Chesterton and the “Paradoxy” of Orthodoxy

Today is, as Brandon Vogt reminded me, the 77th anniversary of the death of G. K. Chesterton. As a sort of modest homage, here is an essay about Chesterton; it reflects briefly on a chapter in Chesterton’s classic book, Orthodoxy; it was originally published in a different (shorter) form in the July/August 2002 issue of Gilbert! magazine.


My favorite passage of Chestertonian brilliance is the sixth chapter of Orthodoxy, titled “Paradoxes of Christianity.” It should be required reading for all critics of Christianity, especially those self-anointed, enlightened folk who, gazing back (and down) upon two thousand years of dogmatic darkness, have figured out all that is wrong and insulting about the Church and now eagerly take up sticks with which to beat down the crude absurdities embraced by the followers of Jesus.
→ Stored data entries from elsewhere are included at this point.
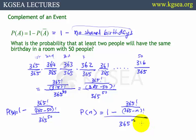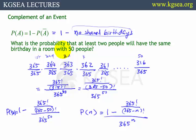Aren't you curious about what this number actually is? If you're running a seminar and 50 people came, what are the chances that at least two people in the room share the same birthday? We will find out.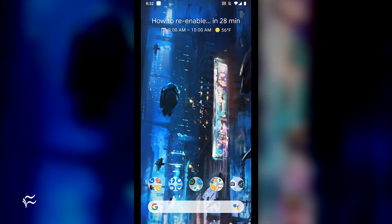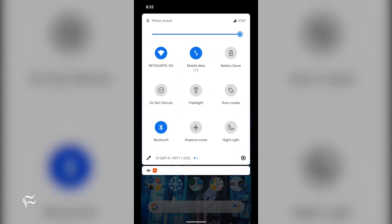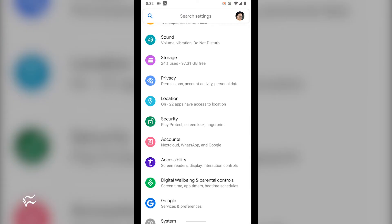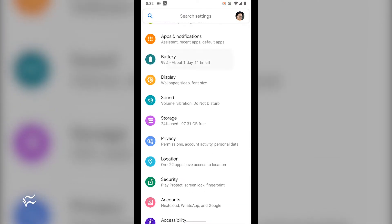Thanks to the developers realizing a large number of users would want that feature back, the enable-disable switch is found in Settings, Battery. So tap through that window, and then tap the On-Off slider to the On position.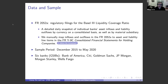We focus on six US GSIBs: Bank of America, Citigroup, Goldman Sachs, JP Morgan, Morgan Stanley, and Wells Fargo. We exclude State Street and Bank of New York Mellon because they have different business models — they are more custodian banks and their business model is not homogeneous with the other banks in the sample.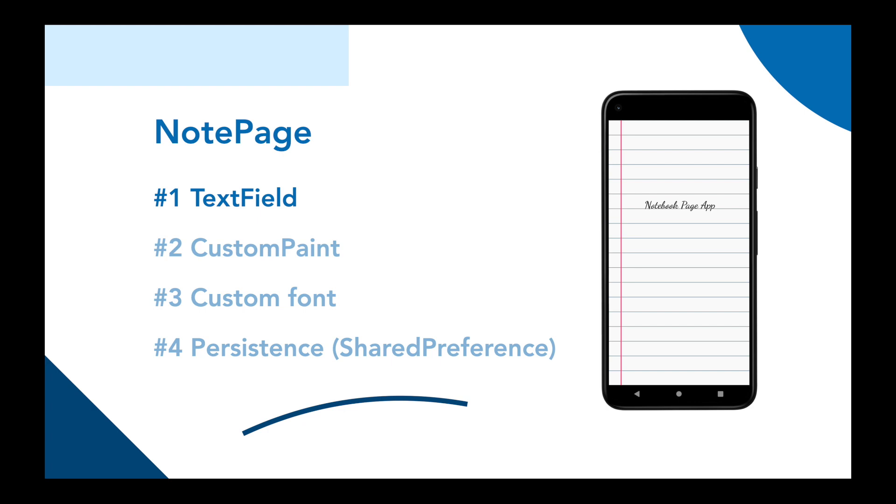Welcome back, this time we're going to make an app called NotePage. When you look at the screenshot, it's like a notebook kind of page where you can write something down. You see in the screenshot it's like a handwritten font, and when you open the app again you will see what you have written down.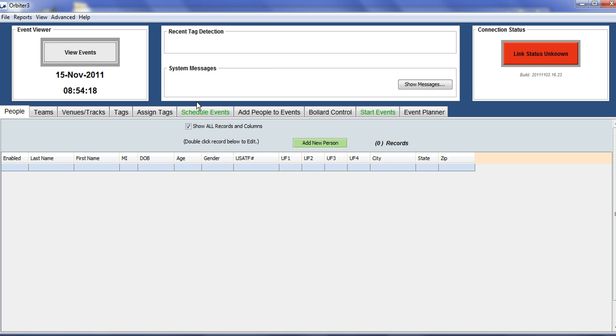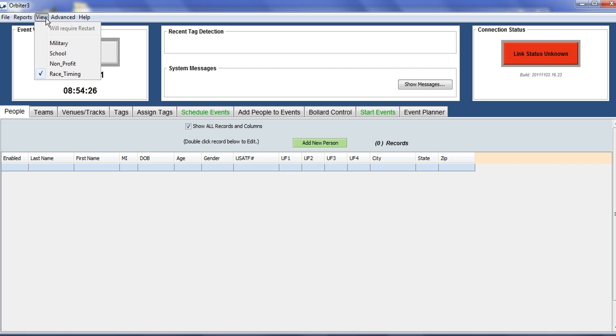The first thing you will want to do is set your Orbiter to the type of racing event that you will be running. This is found under the View menu.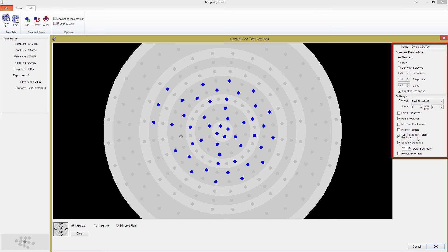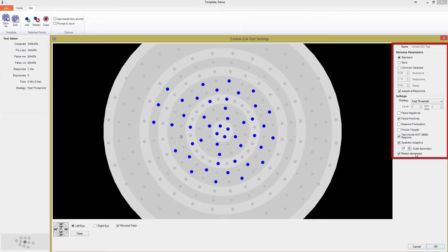At the very bottom, you can see the Retest Abnormals box. As the visual field test progresses, if the software notices a neighborhood of points which has a single depressed location, it marks it as abnormal. That point is then retested to ensure that the abnormal value is an actual localized defect rather than an artifact of patient error.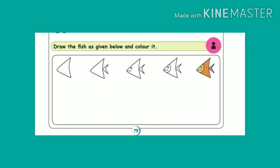Take page number 79. See how to draw a fish picture. You can draw a fish picture, color it, and enjoy it.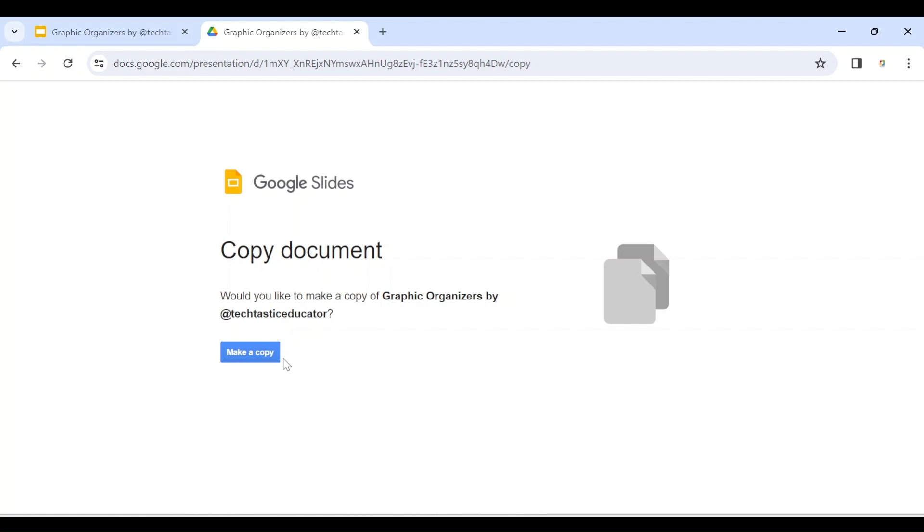So they have to select make a copy so that they have a copy in their drive, and at the same time they are able to see the document.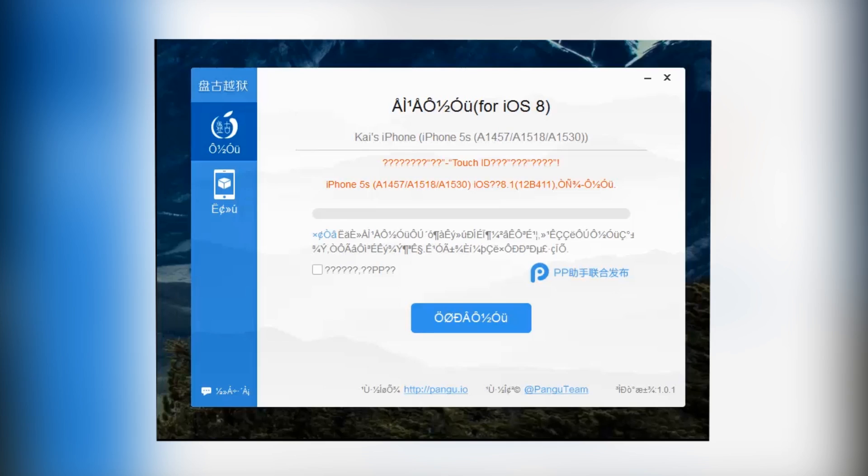Sadly, this does not come with the actual Cydia application itself, but I will be showing you guys how to get Cydia in a video shortly after this.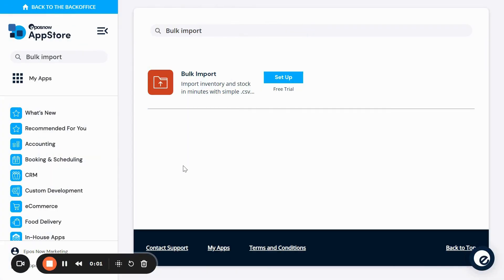Hello, today I'm going to show you how to do a basic bulk import. First, search for the bulk import app in your back office. Once you've searched this, go to set up.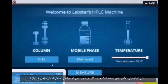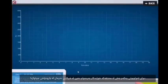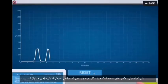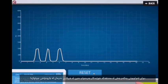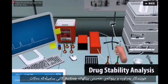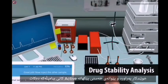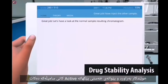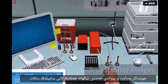After completing the first part of the exercise, students continue to analyze drugs that have been stored in different conditions. Students will measure and compare the active ingredient concentration.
In that chapter the young Chesterton (just in his early thirties when he penned Orthodoxy), described his own intellectual journey from paganism to agnosticism to theism. Along the way he examined various challenges to Christianity, noting, “It was attacked on all sides and for all contradictory reasons.” His observations are just as illuminating today as they were one hundred years ago—perhaps even more so—for they outline the flawed nature of the biases of skeptics and scoffers, and are therefore of no small assistance to anyone defending Christianity in today’s hostile public square.
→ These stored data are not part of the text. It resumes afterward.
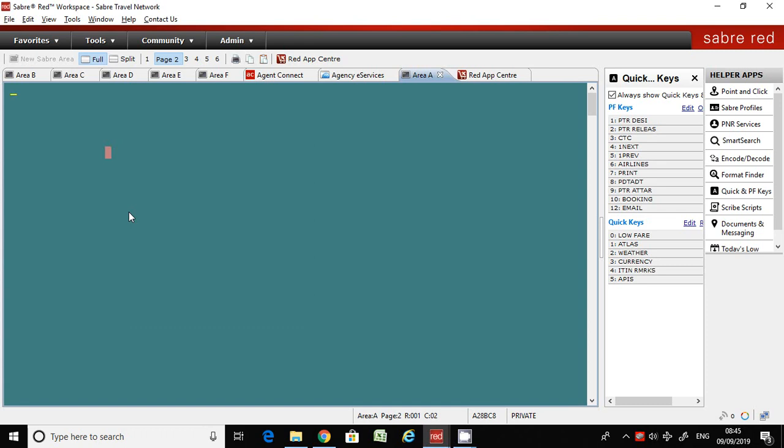Whenever your customer wants to make a special meal request and you don't know the special meal code, here is the command to find out the special meal codes which are available in all airlines. I will introduce this command.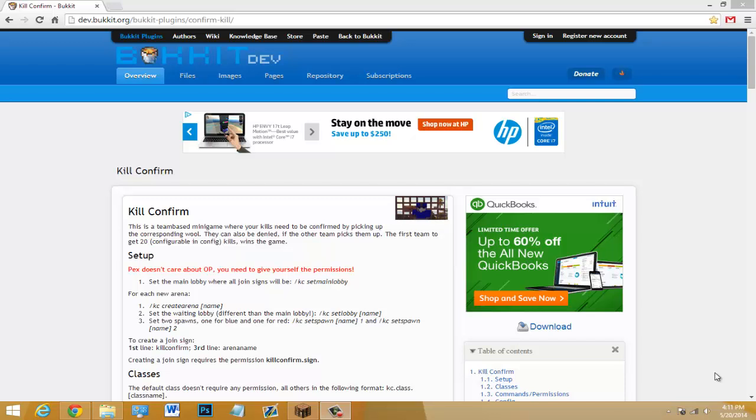Yo what's up guys, today I'm going to be doing a tutorial on the plugin called Kill Confirm. This is based off the Call of Duty minigame and it's a really fun minigame where one team has to try to kill the other, and once they get a kill they have to pick up the dog tag that the enemy leaves behind. The one with the most dog tags, or in Minecraft it's wool, wins the game.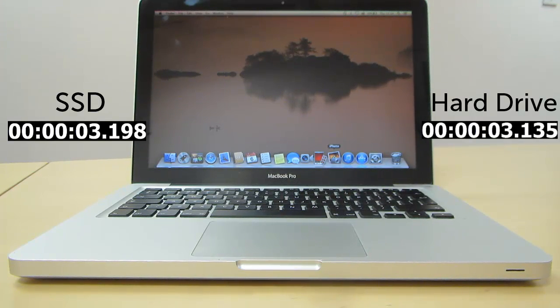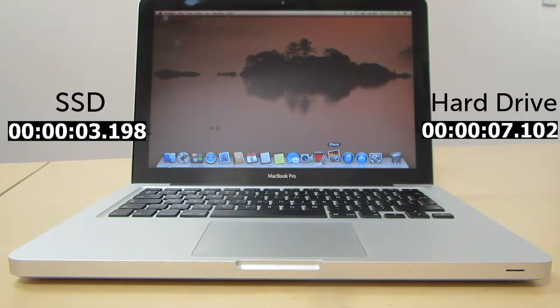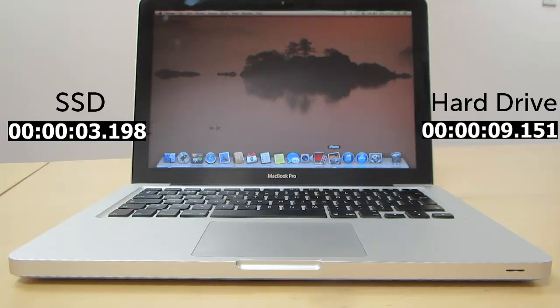Next, we can see the identical data loading in iPhoto, only this time from the original hard drive. As you can see, this is taking considerably longer.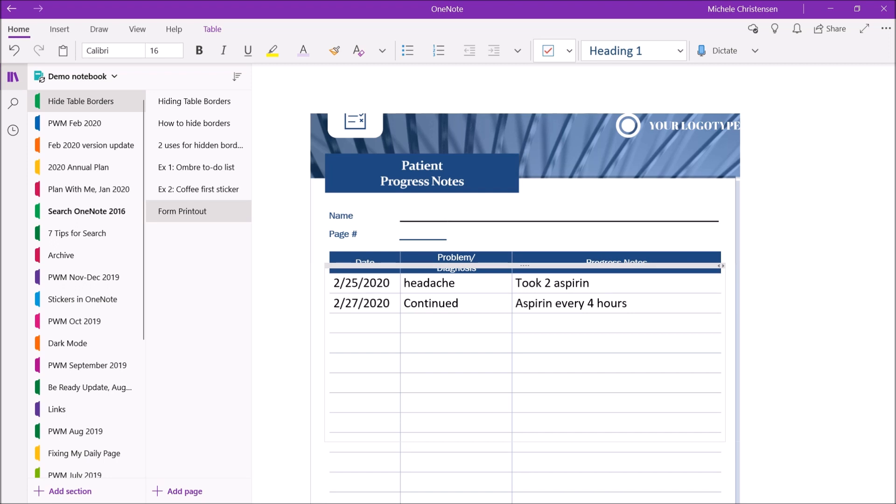Second, you can't lock your row or column height in OneNote as of the time of this filming. A lot of people have asked for this feature so I hope that we get it soon.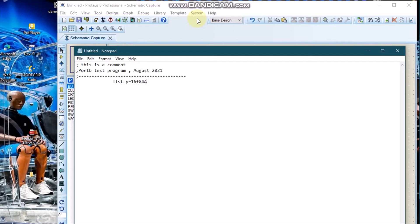This one specifies that we are using the PIC16F84A processor. Then this one specifies that we are going to put our numbers in hexadecimal.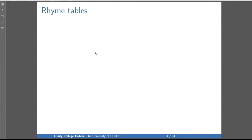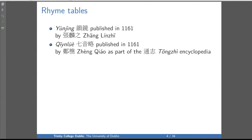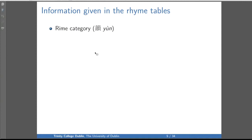A rhyme table called the Yunjing was published in 1161 by a Mr. Zhang Linzhi. The same year — a good year for rhyme tables — an almost identical book called the Qiyin Lue, by Zheng Qiao, was published as part of a large encyclopedia called the Tongzhi. These two books are what we mean when we say 'rhyme tables.'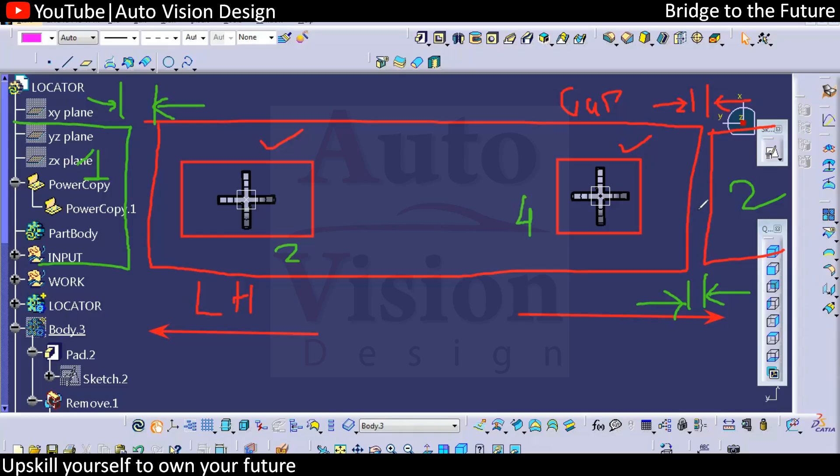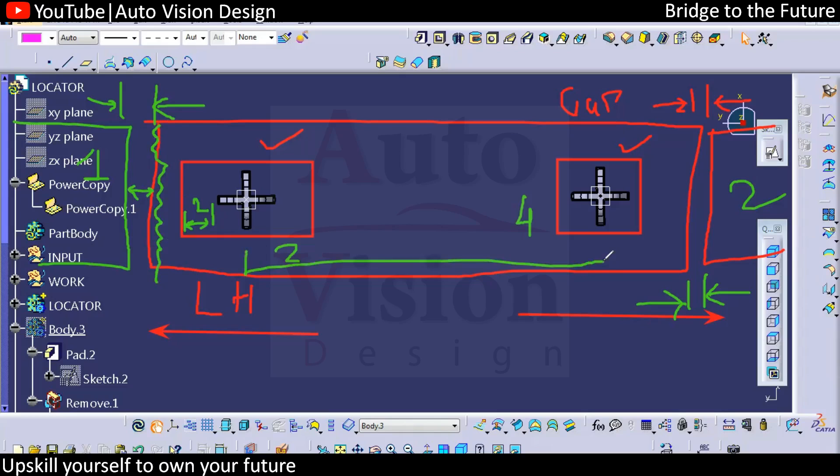This will be the 2mm float condition. The gap might be changed with respect to the profile tolerances, as well as the position tolerances. But here the part will be first positioned with respect to this locator with 0.1 or 0.2mm, same with here 0.2mm.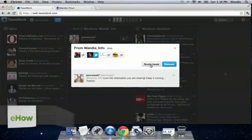Hi, my name is Wandia. I'm a digital media aficionado, which means I love to geek out on all things digital.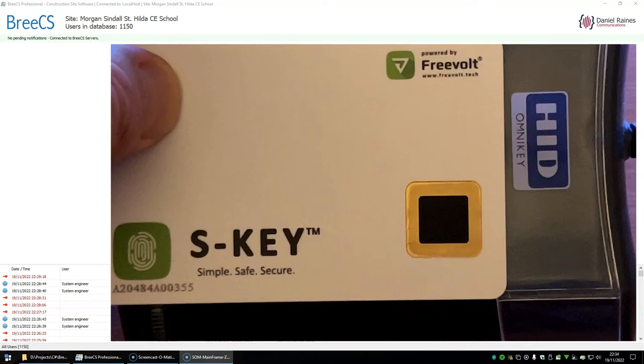In this video we're going to take a look at the S-Key, which is a biometric fingerprint card made by a company called Freevolt in the UK.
The first contradictory criticism is that Christianity is “a thing of inhuman gloom” and “purely pessimistic and opposed to life”. In contemporary terms: Christianity is allegedly repressive, dysfunctional, and depressing. In the words of Ted Turner, Christianity is a “religion for losers.” Such is the mantra of the sexually “liberated,” who see any restraint upon their libido as the work of a self-loathing and prudish Church. This portrayal of Christianity is such regular fare it hardly needs to be pointed out.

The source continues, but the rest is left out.